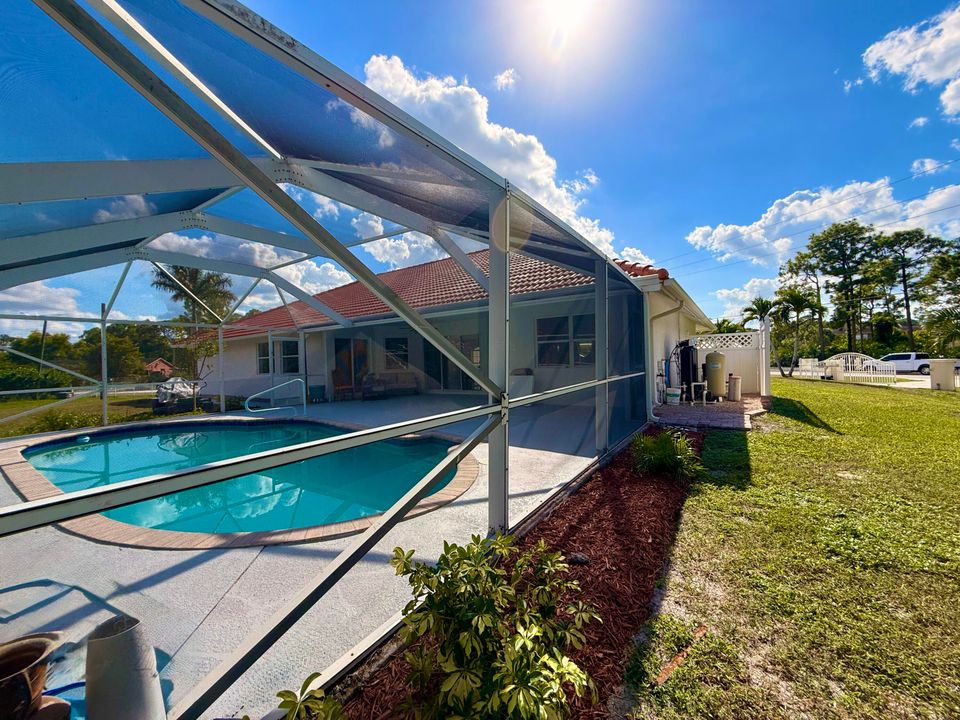 待售: $899,000 (4 贝兹, 3 浴室, 2301 平方英尺)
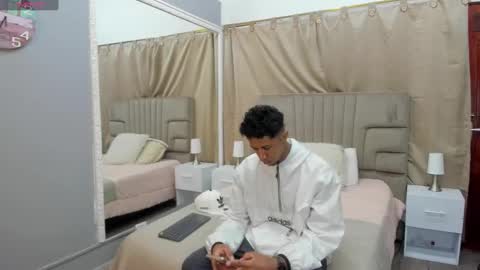 Snapshot of julian_billy chatting on February 20, 11:31 am julian billy online show from February 20, 11:31 am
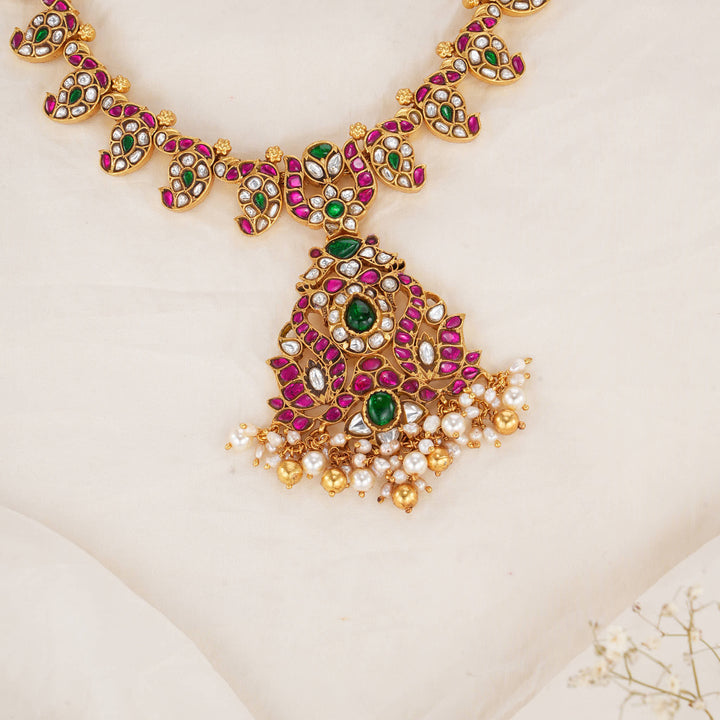Elegant Kundan Short Necklace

__WORK REQUIRED__. Provide a precise transcription of the listing, excluding each picture.

__ANSWER SPACE__.
 待售: $899,000 (4 贝兹, 3 浴室, 2301 平方英尺)
 Snapshot of julian_billy chatting on February 20, 11:31 am julian billy online show from February 20, 11:31 am
Elegant Kundan Short Necklace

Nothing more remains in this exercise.